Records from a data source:
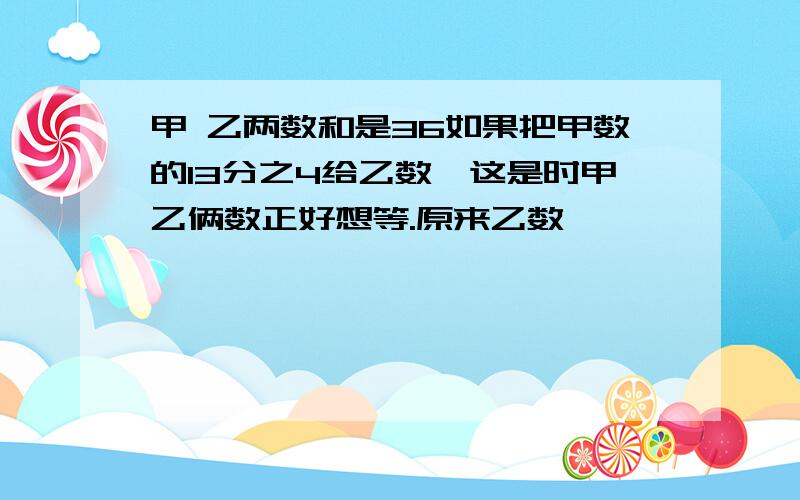 甲 乙两数和是36如果把甲数的13分之4给乙数,这是时甲乙俩数正好想等.原来乙数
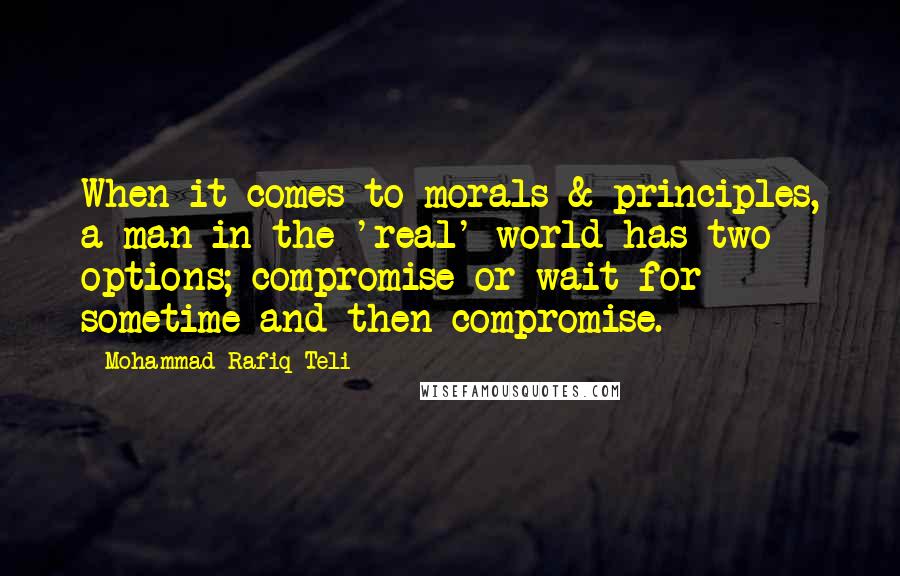 Mohammad Rafiq Teli Quotes: When it comes to morals & principles, a man in the 'real' world has two options; compromise or wait for sometime and then compromise.
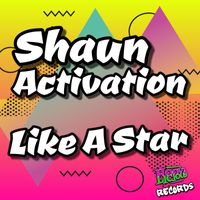 Shaun Activation - Like a Star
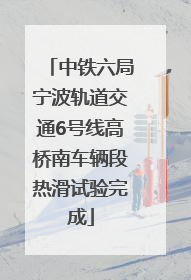 中铁六局宁波轨道交通6号线高桥南车辆段热滑试验完成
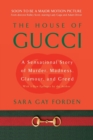 Image for The house of Gucci  : a sensational story of murder, madness, glamour, and greed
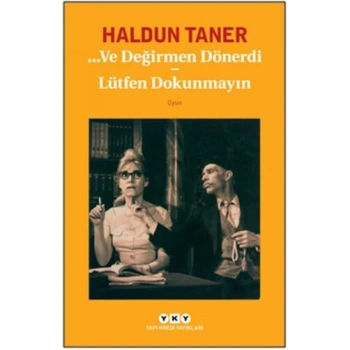 Ve Değirmen Dönerdi - Lütfen Dokunmayın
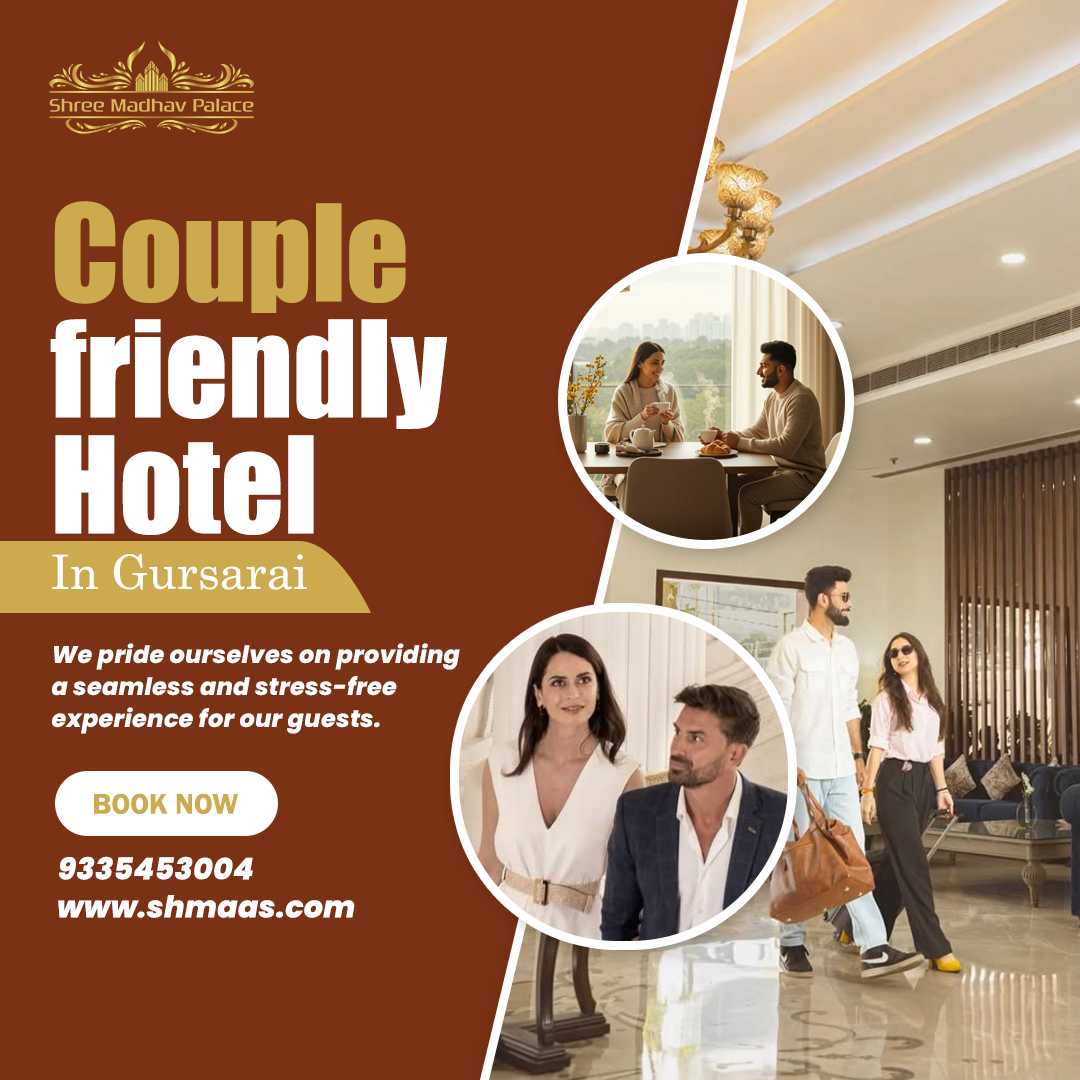 Couple Friendly Hotel in Gursarai for Comfortable Stay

* _Brief_: Your copy should match the data exactly, apart from the images, which are dropped.

* _Result of this task_:
 甲 乙两数和是36如果把甲数的13分之4给乙数,这是时甲乙俩数正好想等.原来乙数
 Mohammad Rafiq Teli Quotes: When it comes to morals & principles, a man in the 'real' world has two options; compromise or wait for sometime and then compromise.
 Shaun Activation - Like a Star
 中铁六局宁波轨道交通6号线高桥南车辆段热滑试验完成
 Image for The house of Gucci  : a sensational story of murder, madness, glamour, and greed
 Ve Değirmen Dönerdi - Lütfen Dokunmayın
 Couple Friendly Hotel in Gursarai for Comfortable Stay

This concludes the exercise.